> **WORK TASK**
Pictures aside, the data must be reproduced exactly.

=== SOURCE DATA ===

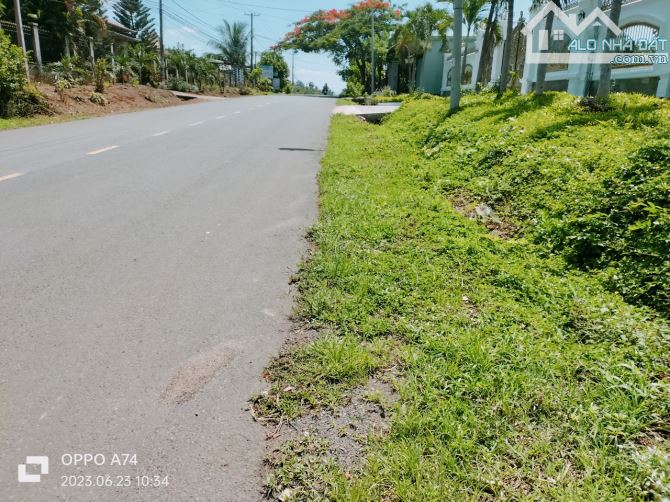 LÔ ĐẤT ĐẸP MẶT TIỀN DT765, CÁCH UỶ BAN 2KM, NGỘP BANK GIẢM MẠNH TỪ 15 TỶ XUỐNG CÒN 6.5 TỶ - 8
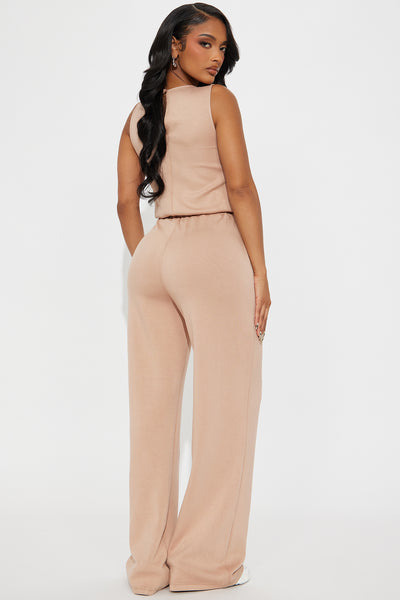 https://cdn.shopify.com/s/files/1/0293/9277/files/04-29-25_S6_42_DZ25E074_Tan_TK_SS_13-43-32_72661_PXF.jpg?v=1746125160&with=400&height=600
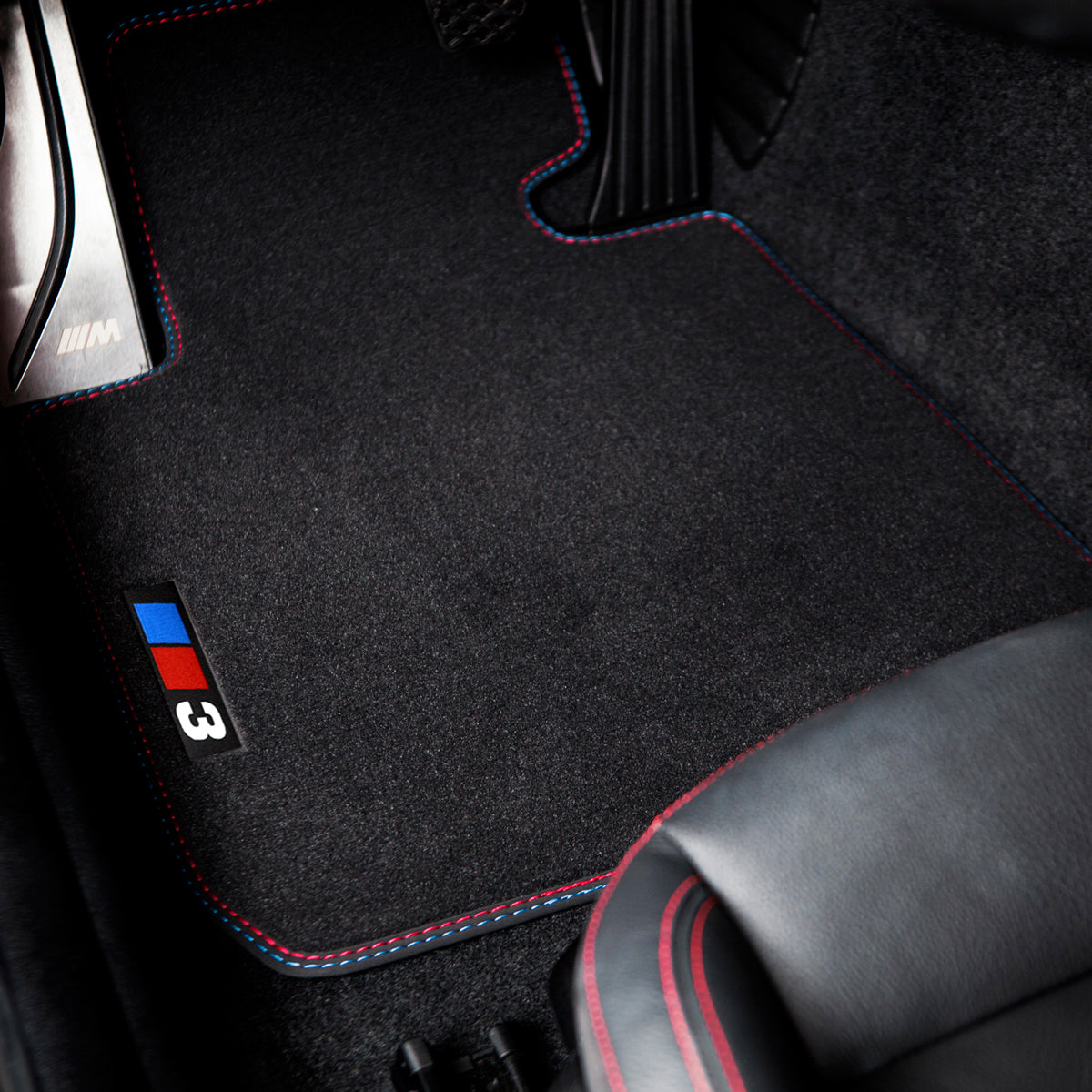 Dywaniki welurowe do BMW Seria 3 Sedan i Kombi RWD 2005-2012 – E90, E91 – 3 Logo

===

> **EXPECTED ANSWER**
 LÔ ĐẤT ĐẸP MẶT TIỀN DT765, CÁCH UỶ BAN 2KM, NGỘP BANK GIẢM MẠNH TỪ 15 TỶ XUỐNG CÒN 6.5 TỶ - 8
 https://cdn.shopify.com/s/files/1/0293/9277/files/04-29-25_S6_42_DZ25E074_Tan_TK_SS_13-43-32_72661_PXF.jpg?v=1746125160&with=400&height=600
 Dywaniki welurowe do BMW Seria 3 Sedan i Kombi RWD 2005-2012 – E90, E91 – 3 Logo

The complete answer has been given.